⇥ Change a button, gain 20%—the scientific way

February 2, 2008
7 comments
 
⇥ Permalink

Websites are living entities, and they must change to reflect their users’ needs and expectations. The problem is—how do you tell what your users need and expect?

The easiest way is, obviously, to ask them, but this has a number of drawbacks. First, a large bias is introduced in choice but preferences a user is unconscious of—for example, a certain colours are more attractive than others, or the position of a particular element can make it more evident in relation to the page in which it resides. Under these circumstances, users won’t be able to tell you why they like something, let alone how to make it better. Conducting surveys is also very expensive and slow, and, at the very best, it can provide an indication of what changes might be beneficial—you will still have to implement those changes and hope that your analysis is correct.

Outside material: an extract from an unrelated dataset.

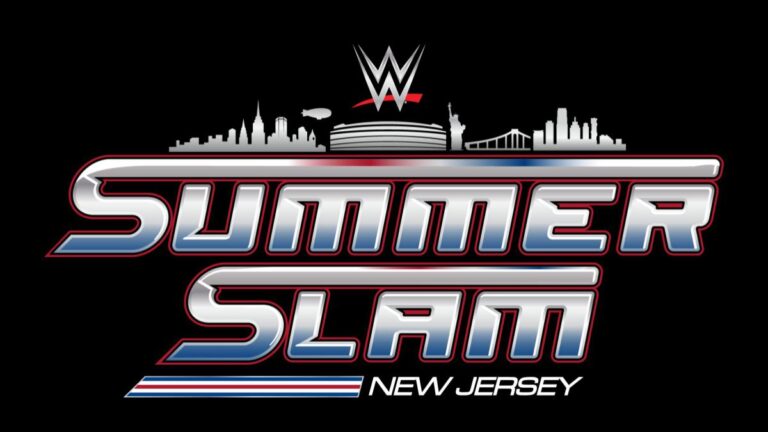 WWE SummerSlam 2025 logo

Blue elephants are tough sales
Given that a direct question won’t work, the next best idea is to turn your website into a lab and conduct experiments to analyze user behaviour without affecting the outcome by letting your users in on the fact that they are, in fact, participating in an experiment. Ideally, a good research technique should have these characteristics:

  • Be simple to implement and easy to automate
  • Perform many experiments at once and be capable to measure their individual effect as well as their effect correlated with the other experiments
  • Incorporate research and deployment in a single system—once your experiment is complete, you already have a working solution, as opposed to ideas that still validation

Selling Blue Elephants, by H. Moskovitz and A. Gofman, is a great book that explains the basics of Rule Developing Experimentation—a statistical research methodology that incorporates precisely these three characteristics. RDE works by combining a series of individual dynamic elements and presenting them in a variety of ways to a focus group of users and then correlate the success of each element individually and of group of elements taken together with the group’s participants to extrapolate a “winning combination” that achieves a given goal.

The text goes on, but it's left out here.